Перельман растянул губы в насмешливой улыбке, из-за чего его курчавая тускло-огненная борода с сединой, дрогнула.
– Ты решил мне дать совет, как лечить мою пациентку? Думаешь ее мучают навязчивые мысли? Что тебе дало право усомниться в моей компетентности? – С некой колкостью в голосе спросил главврач.
Язвительность профессора загнала Ларионова в ступор и одним махом лишила его возможности проявить свои знания в полной мере.
– Простите, я всего лишь предположил. Я… я нисколько не сомневаюсь в вашей… Простите. – Виновато опустив глаза, повинился Герман, продолжая ссыпать извинениями.
Во взгляде Перельмана мелькнуло что-то победоносное, что говорило неопытному бывшему студенту: «то-то же, и не лезь со своими предположениями», но в целом, мужчина не держал зла на институтского выскочку и тут же продолжил разговор, как будто этой неприятной напряженности между ними не было.
– За эти месяцы я поставил Арине, и сам же опроверг десяток диагнозов. Все тесты говорят об одном – она полностью вменяемая и не нуждается в седативных препаратах.
– Тогда зачем вы ее держите здесь, в одиночной палате?

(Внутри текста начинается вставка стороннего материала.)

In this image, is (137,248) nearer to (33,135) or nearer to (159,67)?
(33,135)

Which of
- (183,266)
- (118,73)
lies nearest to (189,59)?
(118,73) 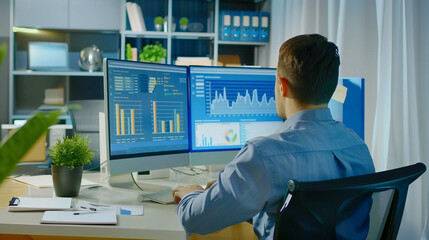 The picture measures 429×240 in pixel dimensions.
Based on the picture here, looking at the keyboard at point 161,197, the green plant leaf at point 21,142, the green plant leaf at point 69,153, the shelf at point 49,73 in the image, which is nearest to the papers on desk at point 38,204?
the green plant leaf at point 69,153

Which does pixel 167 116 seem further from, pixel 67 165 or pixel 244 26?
pixel 244 26

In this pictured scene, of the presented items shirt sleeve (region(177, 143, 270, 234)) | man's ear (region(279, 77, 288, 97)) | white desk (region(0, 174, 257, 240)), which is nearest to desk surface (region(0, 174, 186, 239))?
white desk (region(0, 174, 257, 240))

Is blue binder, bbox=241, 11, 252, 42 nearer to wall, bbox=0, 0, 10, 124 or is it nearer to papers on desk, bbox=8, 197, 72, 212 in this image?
wall, bbox=0, 0, 10, 124

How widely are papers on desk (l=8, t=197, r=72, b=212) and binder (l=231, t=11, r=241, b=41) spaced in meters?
3.29

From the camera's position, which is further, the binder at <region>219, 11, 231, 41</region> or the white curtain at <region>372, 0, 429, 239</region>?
the binder at <region>219, 11, 231, 41</region>

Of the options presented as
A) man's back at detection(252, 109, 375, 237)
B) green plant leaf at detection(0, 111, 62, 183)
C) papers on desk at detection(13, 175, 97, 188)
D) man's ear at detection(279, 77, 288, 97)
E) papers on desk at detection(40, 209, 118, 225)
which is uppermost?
man's ear at detection(279, 77, 288, 97)

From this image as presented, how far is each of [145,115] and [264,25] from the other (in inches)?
122

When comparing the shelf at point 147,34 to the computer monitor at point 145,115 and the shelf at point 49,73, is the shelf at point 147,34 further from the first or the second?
the computer monitor at point 145,115

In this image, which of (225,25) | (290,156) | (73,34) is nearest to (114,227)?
(290,156)

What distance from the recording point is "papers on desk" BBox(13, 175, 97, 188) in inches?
67.4

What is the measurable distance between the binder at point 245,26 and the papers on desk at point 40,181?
294 centimetres

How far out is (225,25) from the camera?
441 cm

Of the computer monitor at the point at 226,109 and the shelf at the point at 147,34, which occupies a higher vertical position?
the shelf at the point at 147,34

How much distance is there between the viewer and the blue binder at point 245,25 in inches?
175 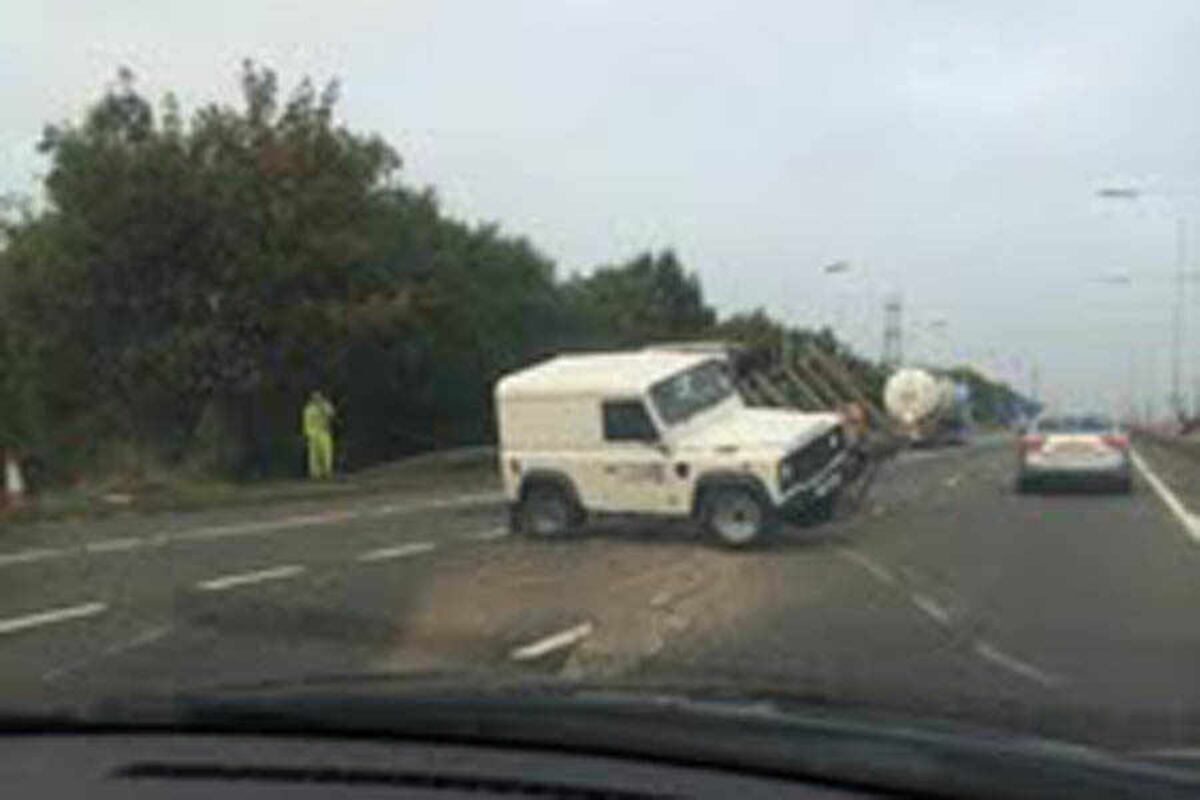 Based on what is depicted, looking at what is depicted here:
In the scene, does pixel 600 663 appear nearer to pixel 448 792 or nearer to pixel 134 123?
pixel 448 792

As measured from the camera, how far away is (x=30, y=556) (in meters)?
23.9

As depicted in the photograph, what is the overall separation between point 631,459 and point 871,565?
444 cm

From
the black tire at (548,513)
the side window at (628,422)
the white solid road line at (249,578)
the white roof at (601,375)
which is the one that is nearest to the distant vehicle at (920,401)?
the white roof at (601,375)

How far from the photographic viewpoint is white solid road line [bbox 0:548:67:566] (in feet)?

– Здесь она под надежной защитой и не может навредить себе, к тому же и мне проще наблюдать за крестной дочерью. Я хочу разгадать эту тайну и докопаться до истины: почему вполне здоровая девочка днем, становится неуправляемой ночью? Что с ней происходит и какова причина ее перемен? К ее феномену у меня большой научный интерес и будет лучше, когда она под полным наблюдением все 24 часа. – Закончил Перельман задумчиво, глядя куда-то в пустоту, при этом выпучив глаза.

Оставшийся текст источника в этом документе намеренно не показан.